Work instruction —
Your output must be the lines below from the line containing "28 TANKARD LN, Washington Crossing, PA 18977" to the line containing "就喜欢在细节上搞事👀网纱三件套除了上条官搭的短裙和这期的蕾丝半裙也是绝配[收到", both lines included, reproduced exactly and without pictures.

-- Data supplied follows --

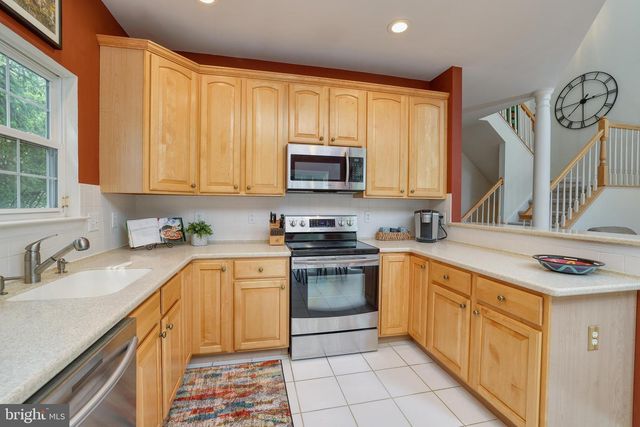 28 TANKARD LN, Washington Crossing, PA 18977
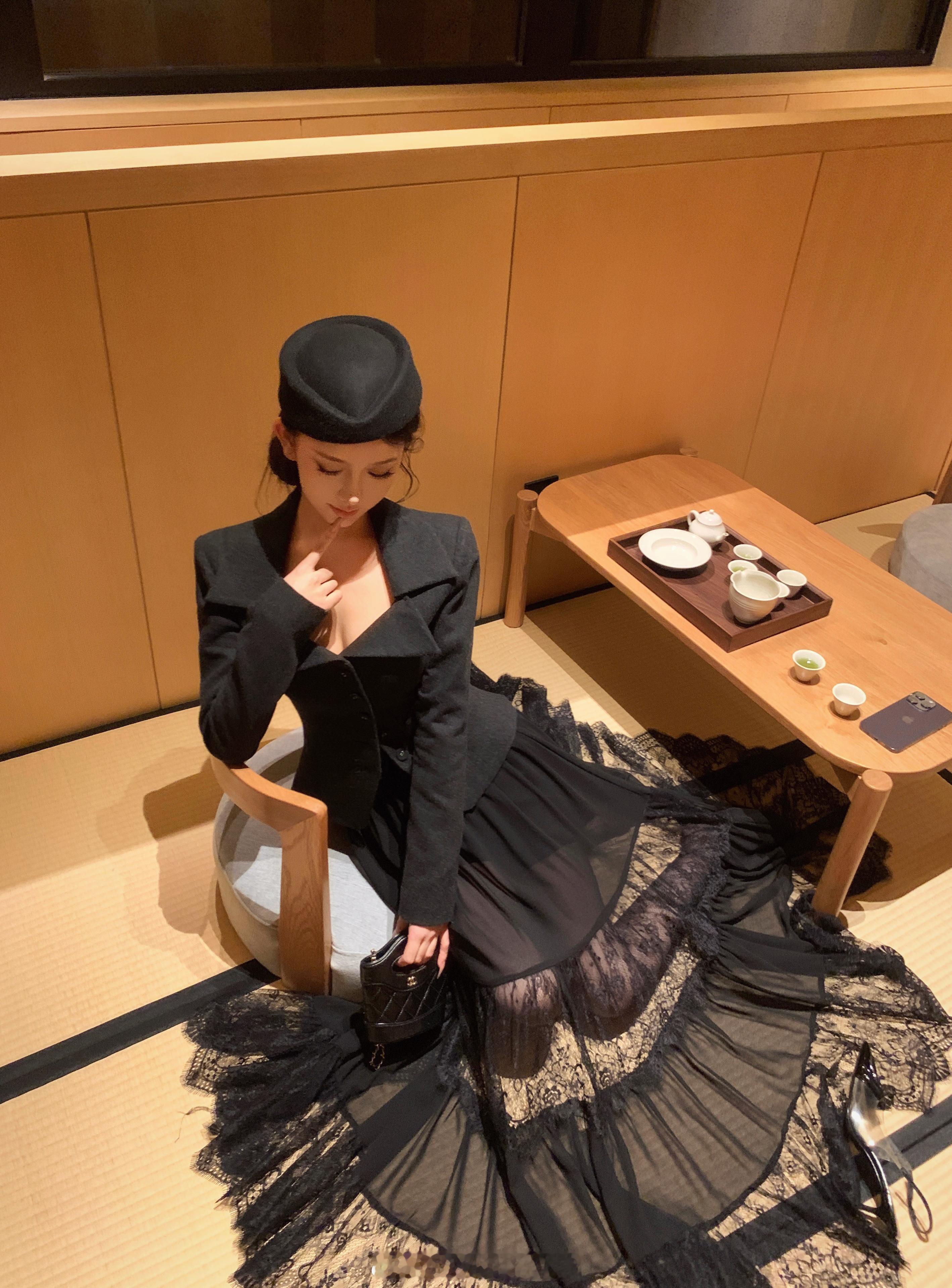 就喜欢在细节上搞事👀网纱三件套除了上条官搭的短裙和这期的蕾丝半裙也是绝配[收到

-- Data supplied concluded --
-- Data supplied follows --

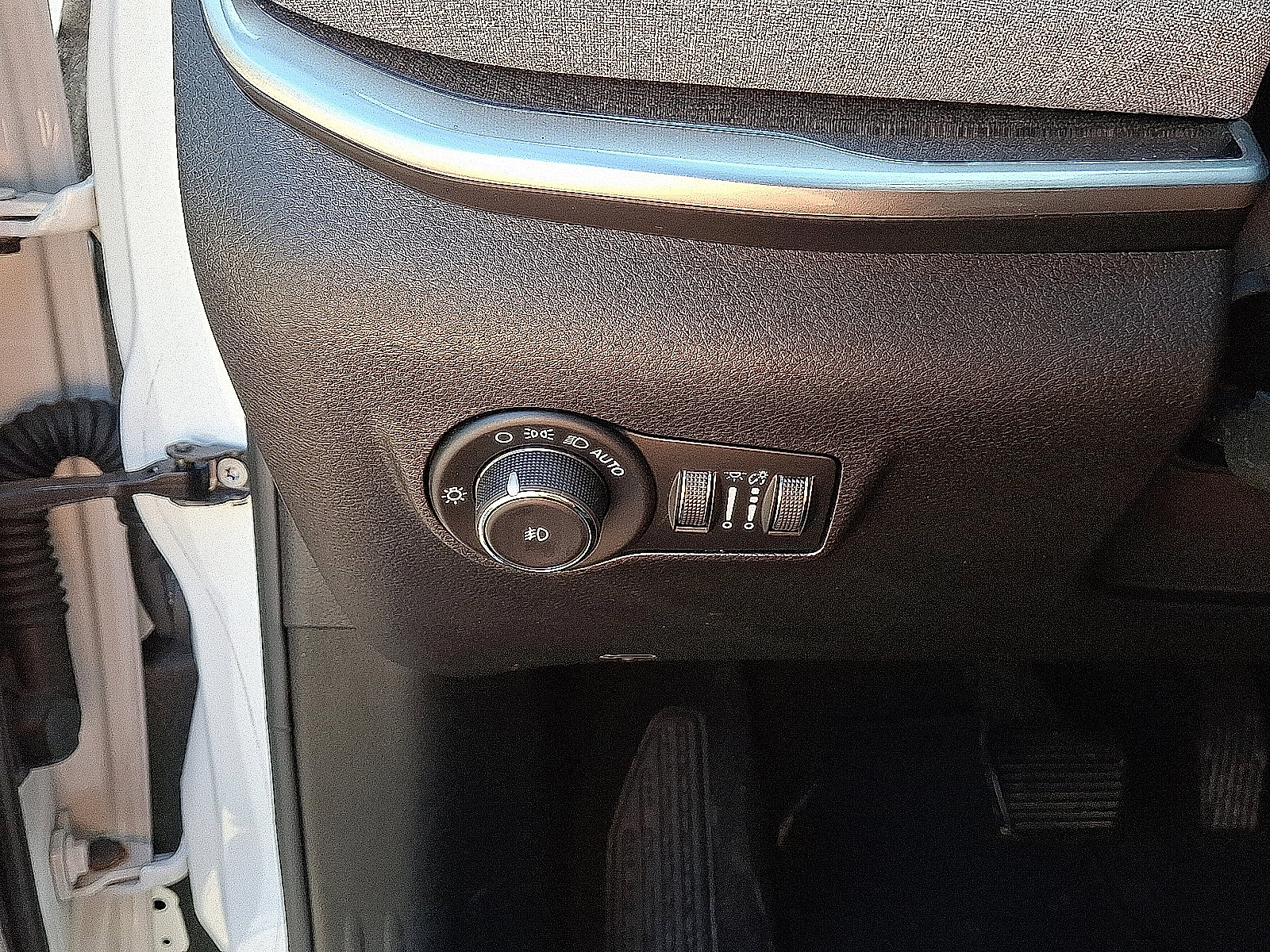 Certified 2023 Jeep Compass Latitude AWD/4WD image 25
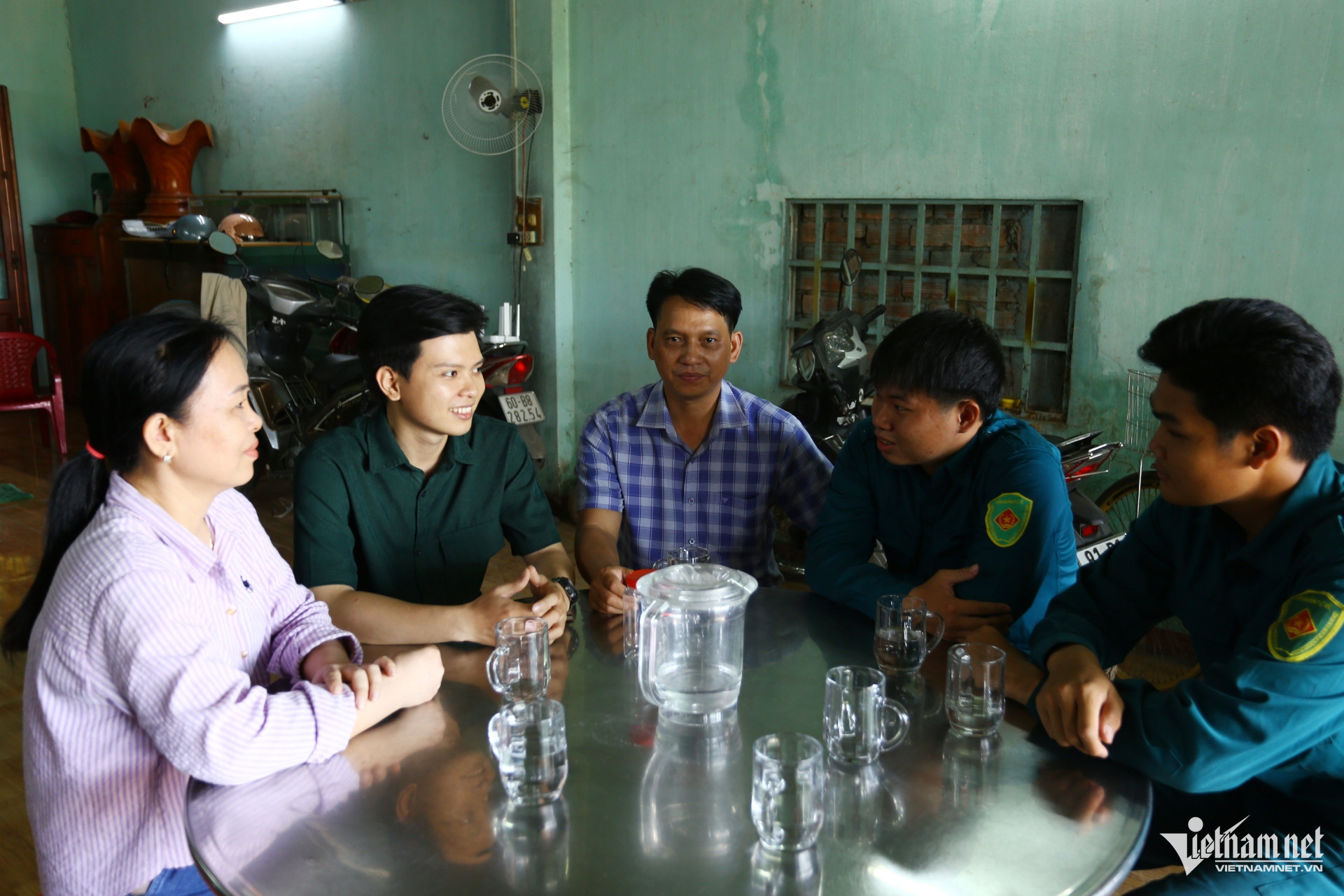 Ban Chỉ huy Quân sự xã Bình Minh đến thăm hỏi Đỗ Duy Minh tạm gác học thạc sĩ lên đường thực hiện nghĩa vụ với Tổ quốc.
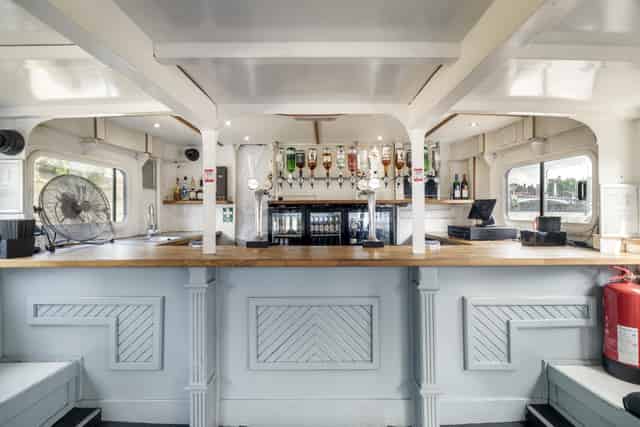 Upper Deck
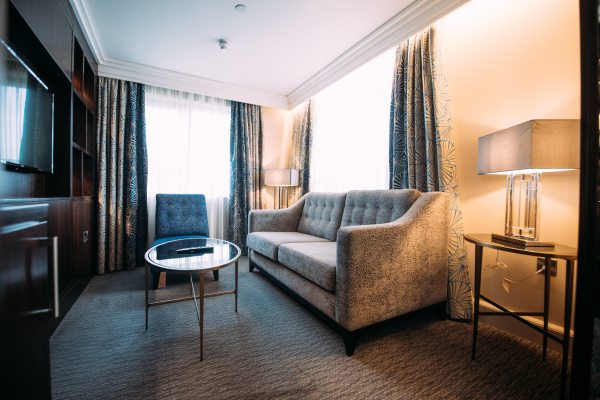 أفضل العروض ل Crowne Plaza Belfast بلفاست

-- Data supplied concluded --

Result for this task —
 28 TANKARD LN, Washington Crossing, PA 18977
 就喜欢在细节上搞事👀网纱三件套除了上条官搭的短裙和这期的蕾丝半裙也是绝配[收到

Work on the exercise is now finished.